In una prospettiva di salute pubblica, la riduzione del rischio è dettata da considerazioni etiche. L’obiettivo che persegue è attenuare i problemi sociosanitari legati al consumo di prodotti del tabacco. L’industria del tabacco, invece, mira semplicemente a massimizzare i suoi profitti. I due approcci sono inevitabilmente incompatibili.
«I prodotti di tabacco riscaldato e il cosiddetto tabacco ‘senza fumo’ (ossia consumato per via orale o nasale) inducono dipendenza e sono cancerogeni proprio come le sigarette convenzionali. Dobbiamo evitare che il dibattito attorno ai cosiddetti ‘nuovi prodotti del tabacco’ ci distolga dal nostro obiettivo principale, ossia promuovere normative efficaci per ridurre il tabagismo e aiutare le persone che desiderano smettere di fumare».
Prof.
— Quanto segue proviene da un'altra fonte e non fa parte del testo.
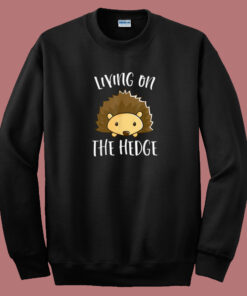 Funny Spikey Hedgehog 80s Sweatshirt Funny Spikey Hedgehog 80s Sweatshirt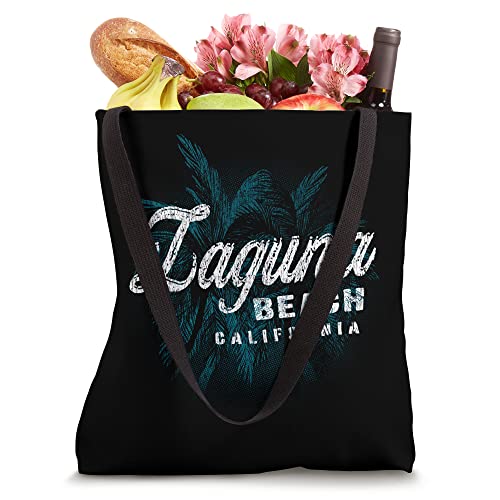 Laguna Beach - Palm Cluster Distressed Stamp Tote Bag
Charlotta Pisinger, rappresentante della la Società europea di malattie respiratorie
La questione centrale
I prodotti di tabacco riscaldato non costituiscono un’alternativa più sicura alle sigarette convenzionali e non vi è un livello di esposizione che possa essere considerato innocuo. Inoltre, non vi è alcuna prova che i prodotti di tabacco riscaldato aiutino a smettere di fumare. Al contrario, aumentano il rischio che la fumatrice o il fumatore consumi entrambi, ossia le sigarette convenzionali E i dispositivi a tabacco riscaldato.